RPI Project Continued

This will probably be my last RPI post. It probably hasn't been as successful a project as I'd hoped. Ehh.

Anyway, as the rounds progress, and the superior teams advance, the better teams are probably going to win over a worse team even if that worse team is "underrated."

In Round 2, this was pretty clearly evident.

The "more underrated" teams went 6-8 in the second round (2 games neither team was "more underrated"). But that doesn't really tell the story either.

There were 6 games where one team was underrated by the committee and playing a team seeded higher. Cincinnati, Southern Illinois, Pacific, Bucknell and Vermont all lost. Villanova won, but they were playing a team only seeded one spot higher.

I now propose that the only analysis that matters from here on won't be whether a team is underrated or overrated, but rather which team the RPI has rated higher, regardless of seed by the committee.

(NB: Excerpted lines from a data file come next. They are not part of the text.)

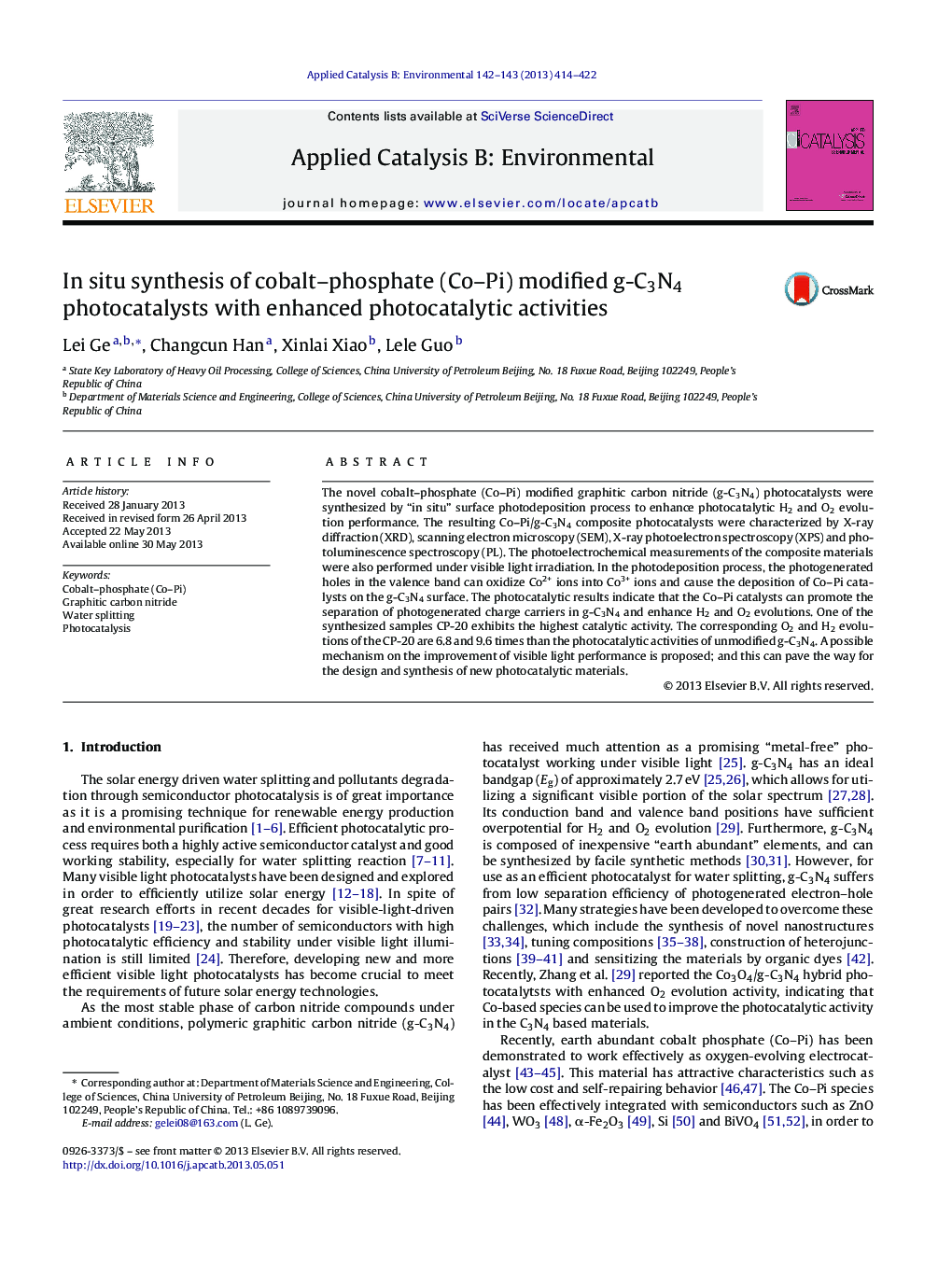 In situ synthesis of cobalt-phosphate (Co-Pi) modified g-C3N4 photocatalysts with enhanced photocatalytic activities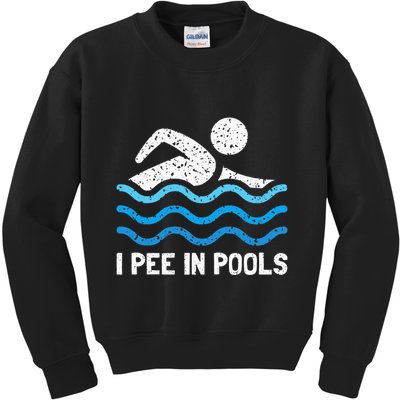 Funny Swimmer Swimming I Pee In Pools Kids Sweatshirt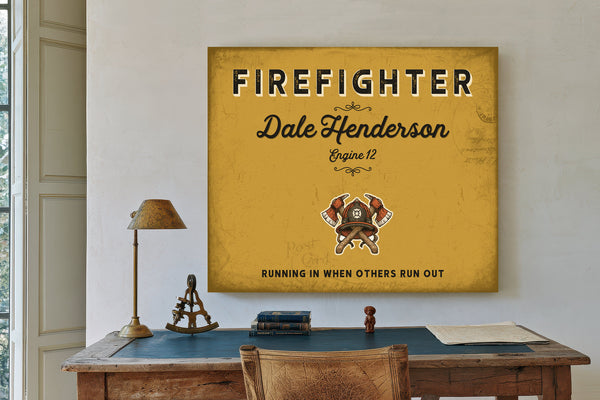 Personalized Firefighter Sign, Running In When Others Run Out, Mustard & Black, image 2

New and Old RPI ratings in parentheses.

Illinois (1,2) vs. UW-Milwaukee (47, 50)
Oklahoma St. (4, 4) vs. Arizona (9, 9)
Washington (3, 6) vs. Louisville (12, 11)
Texas Tech (29, 27) vs. West Virginia (44, 31)
UNC (6, 5) vs. Villanova (15, 14)
Wisconsin (14, 17) vs. NC State (54, 45)
Duke (5, 3) vs. Michigan State (24, 22)
Kentucky (10, 10) vs. Utah (23, 25)

The higher seeded teams are all rated higher by the RPI. Not much to get out of this. Oh well. It might've helped pick an upset or two, and might've had some gambling use, but I'm not going to put in the time to prove a thesis I'm not sure I really believe in.